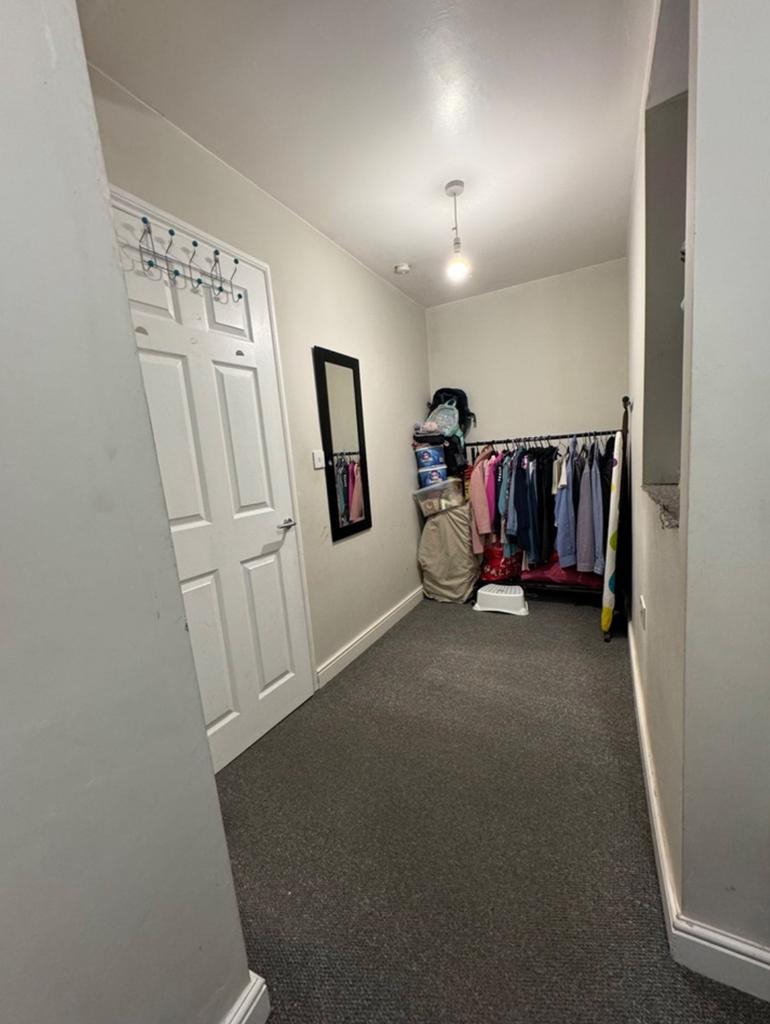 A tidy small storage area with organized clothi...
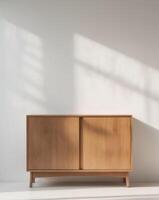 A wooden cabinet with a white wall above it photo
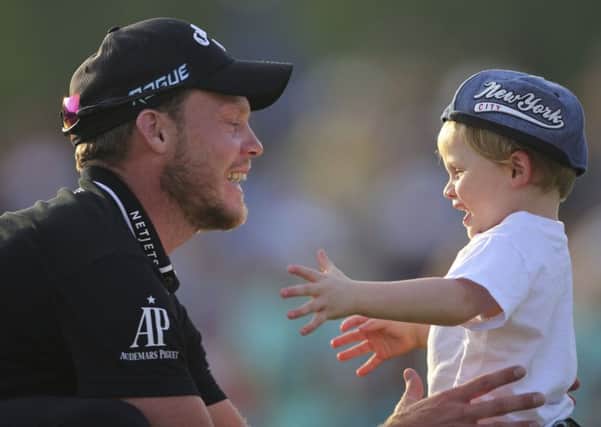 Danny Willett celebrates with his young son after his victory in the  World Tour Championship in Dubai. Picture: AP Photo/Kamran Jebreili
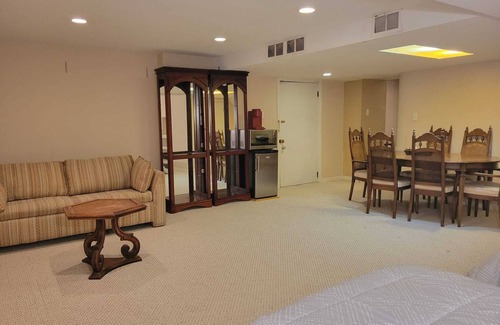 Saint-Laurent House | Spacious basement with indoor garage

**Task instructions:** Pictures are to be left out; the listing above is otherwise to be copied exactly.

**Final answer:**
 A tidy small storage area with organized clothi...
 A wooden cabinet with a white wall above it photo
 Danny Willett celebrates with his young son after his victory in the  World Tour Championship in Dubai. Picture: AP Photo/Kamran Jebreili
 Saint-Laurent House | Spacious basement with indoor garage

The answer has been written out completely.